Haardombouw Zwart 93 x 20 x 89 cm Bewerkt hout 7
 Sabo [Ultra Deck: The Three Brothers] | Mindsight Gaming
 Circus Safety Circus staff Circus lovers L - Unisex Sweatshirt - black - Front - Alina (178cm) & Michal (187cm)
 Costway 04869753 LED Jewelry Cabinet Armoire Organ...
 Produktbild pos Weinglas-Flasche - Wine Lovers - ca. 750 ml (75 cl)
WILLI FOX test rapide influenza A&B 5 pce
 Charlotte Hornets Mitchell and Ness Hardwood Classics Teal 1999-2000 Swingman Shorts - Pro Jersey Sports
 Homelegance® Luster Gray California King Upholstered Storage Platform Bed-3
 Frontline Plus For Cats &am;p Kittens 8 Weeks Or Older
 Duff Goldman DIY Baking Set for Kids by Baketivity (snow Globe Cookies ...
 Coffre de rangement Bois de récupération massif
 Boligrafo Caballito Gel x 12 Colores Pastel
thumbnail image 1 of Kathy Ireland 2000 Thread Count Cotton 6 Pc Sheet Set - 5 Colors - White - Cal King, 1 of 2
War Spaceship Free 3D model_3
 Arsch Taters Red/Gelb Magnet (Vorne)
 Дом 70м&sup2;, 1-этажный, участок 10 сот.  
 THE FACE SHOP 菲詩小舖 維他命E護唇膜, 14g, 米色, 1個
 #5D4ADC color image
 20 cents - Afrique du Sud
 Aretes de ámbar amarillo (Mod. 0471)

▶ _What to produce_: Each line from the one that contains "Frontline Plus For" to the end of the data should be set down exactly, both ends included.

▶ _Answer to this problem_:
 Frontline Plus For Cats &am;p Kittens 8 Weeks Or Older
 Duff Goldman DIY Baking Set for Kids by Baketivity (snow Globe Cookies ...
 Coffre de rangement Bois de récupération massif
 Boligrafo Caballito Gel x 12 Colores Pastel
thumbnail image 1 of Kathy Ireland 2000 Thread Count Cotton 6 Pc Sheet Set - 5 Colors - White - Cal King, 1 of 2
War Spaceship Free 3D model_3
 Arsch Taters Red/Gelb Magnet (Vorne)
 Дом 70м&sup2;, 1-этажный, участок 10 сот.  
 THE FACE SHOP 菲詩小舖 維他命E護唇膜, 14g, 米色, 1個
 #5D4ADC color image
 20 cents - Afrique du Sud
 Aretes de ámbar amarillo (Mod. 0471)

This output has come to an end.